Orf is distributed throughout many countries [2, 17–23], and ORFV infections can cause weight loss and poor development as the disease prevents host animals from feeding. Therefore, the development of a rapid, simple and sensitive detection method for ORFV infections is required. For the diagnosis of ORFV infections, the LAMP assay has many advantages, such as simplicity, rapidity and inexpensiveness, compared with other nucleic acid-based tests [8, 9]. In addition, previous reports have demonstrated that the sensitivity of the LAMP is higher than that of conventional PCR or nested PCR for detecting ORFV infections [8, 9]. Therefore, this method shows great potential for use in resource-limited veterinary laboratories in developing countries (e.g., China), where many endemic diseases exist. In the present study, we evaluated the sensitivity and specificity of the rapid diagnostic LAMP method.

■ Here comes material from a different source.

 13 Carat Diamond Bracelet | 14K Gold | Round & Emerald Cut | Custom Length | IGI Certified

The simplest way of detecting LAMP products is to visually inspect the white turbidity that results from magnesium pyrophosphate accumulation as a by-product of the reaction . However, a small amount of this white precipitate is not always distinguishable from other white precipitates, such as proteins or carbohydrates that can be derived from the templates. Therefore, existing “field-friendly” LAMP-based detection systems are still imperfect. Previous report has demonstrated that amplified DNA can be stained (using PicoGreen or ethidium bromide) and visualized in solution with the same sensitivity as agarose gel electrophoresis . In this study, we used the dye SYBR Green I to detect the amplified DNA products. Positive and negative reactions could be differentiated by distinctly different colors when viewed under daylight conditions against a black background (Figure 1). Consistent with previous report, this color inspection method was found to have the same detection limit as agarose gel electrophoresis (Figure 2), which should facilitate the rapid screening of samples without the need for gel electrophoresis. These results indicate that visual color inspection of LAMP products using the SYBR Green I dye should be practical under field conditions.

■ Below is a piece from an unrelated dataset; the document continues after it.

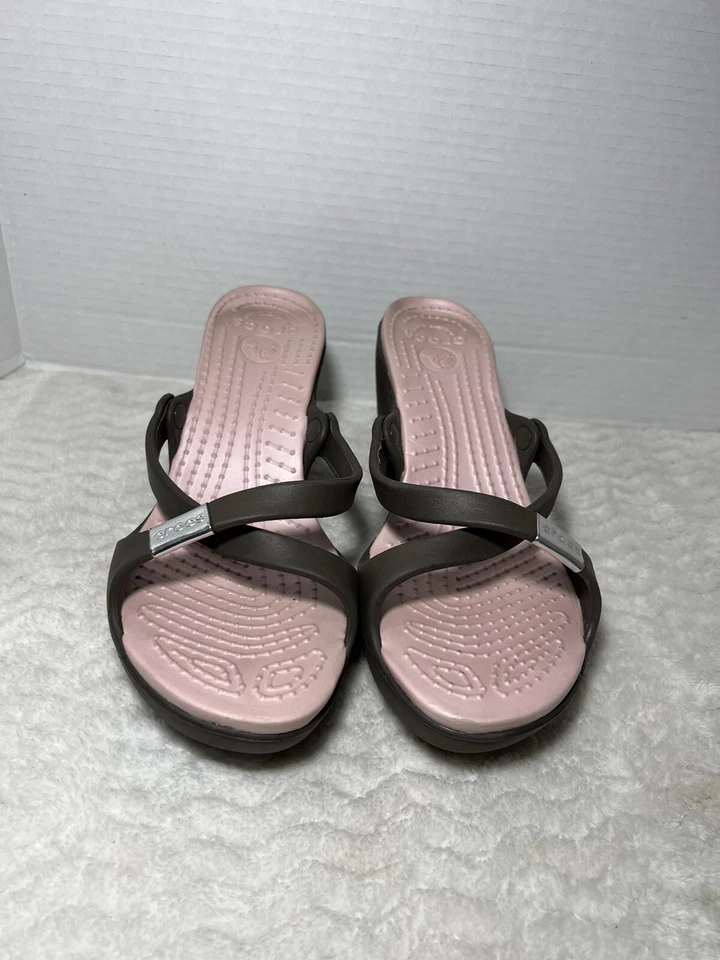 Sandalia de tacón CROCS Chipre chocolate algodón caramelo sin cordones mula para mujer 9 Foto 2 de 4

The reliability of a LAMP assay depends largely on the specificity of the primer sets being used. These primer sets in this study—two outer primers (F3 and B3) and two inner primers (FIP and BIP)—allow for the recognition of six sites in the target sequence that are specific to the F1L gene and that are necessary for the LAMP reaction to occur. Based on the sequences of the ORFV F1L gene available in GenBank and the sequences of ORFV isolates from China, we designed and tested several sets of primers using comparative experiments, and the primer sets that yielded the highest specificity and sensitivity in the LAMP assay is reported here. Our LAMP assay showed high specificity and sensitivity, as it yielded positive results for all 10 of the known ORFV isolates but did not amplify the negative control samples (Figure 3).

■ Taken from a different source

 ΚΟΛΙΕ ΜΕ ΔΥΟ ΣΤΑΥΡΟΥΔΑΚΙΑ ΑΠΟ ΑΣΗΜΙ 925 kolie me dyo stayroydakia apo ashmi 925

Samples from experimentally infected goats were tested using both the LAMP and real-time PCR assays. The LAMP assay correctly identified 41 out of 46 samples as positive (89.13%), and the real-time PCR assay correctly identified 42 out of 46 samples as positive (91.30%). ORFV DNA could be detected in most of the intracutaneous- and cohabitation-infection samples from the time of lesion presentation to recovery (Table 1). Therefore, we observed a very good agreement between the LAMP and real-time PCR results. Only one sample was identified as negative by LAMP (both by visual inspection and agarose gel electrophoresis) but as positive by real-time PCR. This discrepancy was most likely due to very low ORFV levels in this sample, which may have been beyond the detection limit of LAMP. This result suggests that the sensitivity of LAMP is slightly lower than that of real-time PCR. However, it is important to consider that real-time PCR is a time-consuming procedure that requires expensive and relatively complicated equipment, including a thermal cycler with real-time monitoring and data-analysis systems. Therefore, this LAMP-based assay has clear advantages over real-time PCR in terms of practicality, and it can be easily used in any standard diagnostic laboratory, particularly in developing countries where the disease is prevalent.